A girl stands next to statues of Mary, December 11, at a makeshift campsite outside the Basilica of Our Lady of Guadalupe during the annual pilgrimage in her honor in Mexico City. (CNS / Carlos Jasso, Reuters)

Editors’ Note: From 2009 until 2017, Fr. John Baran wrote a regular column for Commonweal under the pseudonym “Fr. Nonomen.” The column was devoted to Fr. Baran’s experiences as the pastor of a parish in suburban Connecticut—to trends he welcomed or lamented; to pastoral experiments that worked well, or less well; to the changing spiritual needs of American Catholics, and to the needs that didn’t change. When Fr. Baran died last year, we decided that, after a decent interval, we should ask a priest serving in a very different kind of parish to continue the column. This is the first of a short series of columns by Fr. Incognitus, who has worked in parishes in the Southwestern United States that serve immigrants from Central America, Mexican Americans, and Euro-Americans.

 

The call came in the spring of 2006. A group of people from the small town of Toyahua, Zacatecas, Mexico, wanted to use our parish church on a Friday evening to celebrate the arrival of a replica of the Virgin of their pueblo. The priest of the town would be there, as would the town’s band. It was just the sort of event that delighted me, so I said yes, thinking a few people would show up.

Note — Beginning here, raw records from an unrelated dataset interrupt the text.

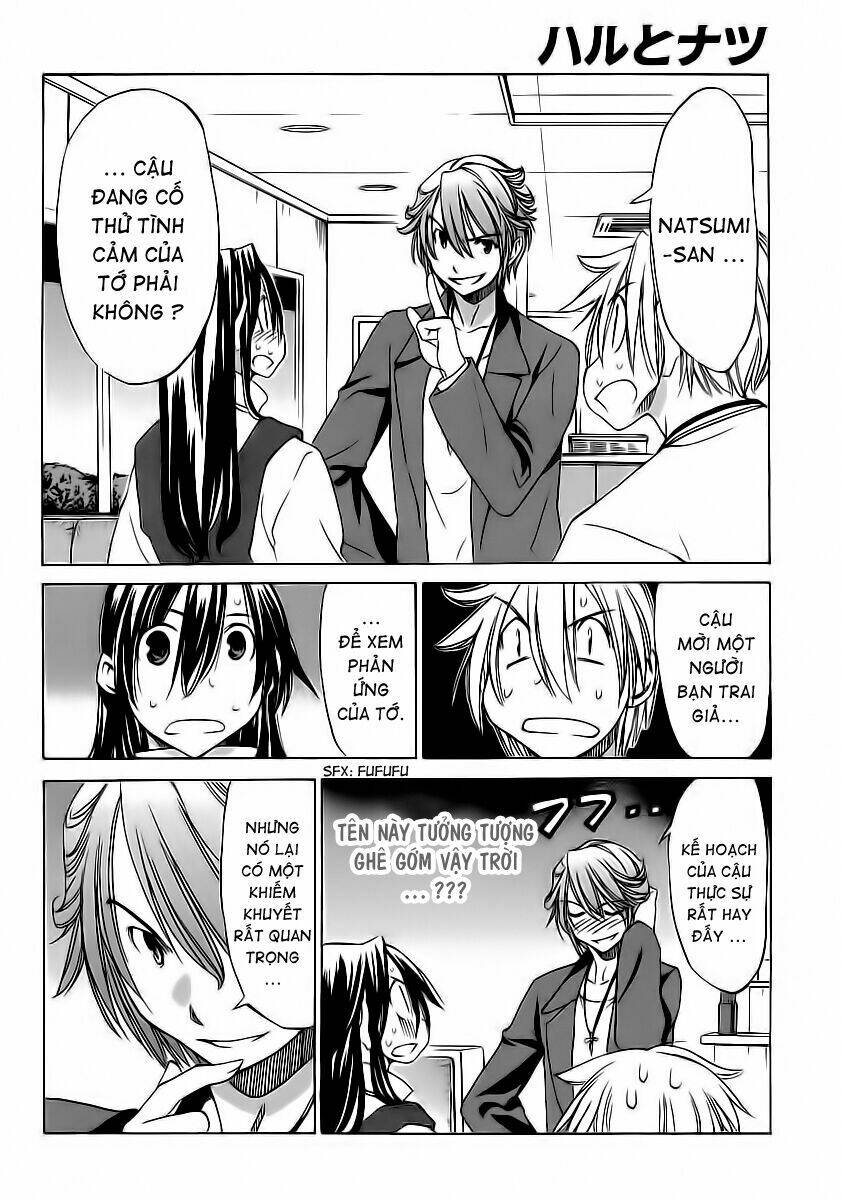 haru to natsu chapter 8 13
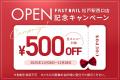 コンヴァノ、ネイルサロン『FASTNAIL 松戸駅西口店』 コンヴァノ、ネイルサロン『FASTNAIL 松戸駅西口店』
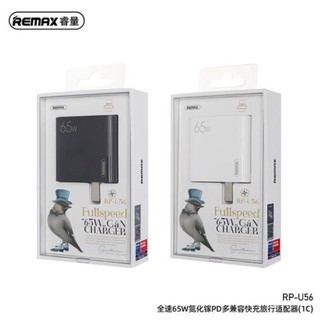 Củ Sạc Nhanh cốc sạc Remax RP-U56 công suất 65w sạc siêu nhanh chính hãng Remax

The church was packed. There are probably more people from Zacatecas living in the United States than in Mexico, and it seemed a good percentage of them came to our church that Friday night. The Virgin, no more than eighteen inches tall, wore a cowboy hat, and the toddler Jesus in her arms was crowned with the tiniest cowboy hat I had ever seen. The music was raucous and heartfelt, the procession to see the Virgin at the front of the church was long, and the people stayed to celebrate and visit.

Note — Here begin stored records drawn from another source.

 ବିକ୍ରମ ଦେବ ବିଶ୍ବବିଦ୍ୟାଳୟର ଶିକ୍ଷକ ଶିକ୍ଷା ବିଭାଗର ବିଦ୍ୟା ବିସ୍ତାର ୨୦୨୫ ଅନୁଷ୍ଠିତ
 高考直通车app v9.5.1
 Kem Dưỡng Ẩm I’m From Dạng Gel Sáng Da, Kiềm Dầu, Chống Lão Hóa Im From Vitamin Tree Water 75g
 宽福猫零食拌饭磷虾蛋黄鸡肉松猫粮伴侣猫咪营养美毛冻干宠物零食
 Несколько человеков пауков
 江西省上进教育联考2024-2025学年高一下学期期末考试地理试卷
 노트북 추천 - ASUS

I was transfixed. After more than twenty years of ministering to Mexican people, I, a European American, realized that my ministry was leaving out much of the devotional life of the people. We Euro-American priests were under the impression that if we focused enough attention on la Virgen de Guadalupe, we would meet the devotional needs of the Mexican people. It was true that la Virgen de Guadalupe occupies a special place in the hearts of all Mexicans, but that night taught me that Mexican Catholics had room for, and needed, more devotions than we were offering in the United States.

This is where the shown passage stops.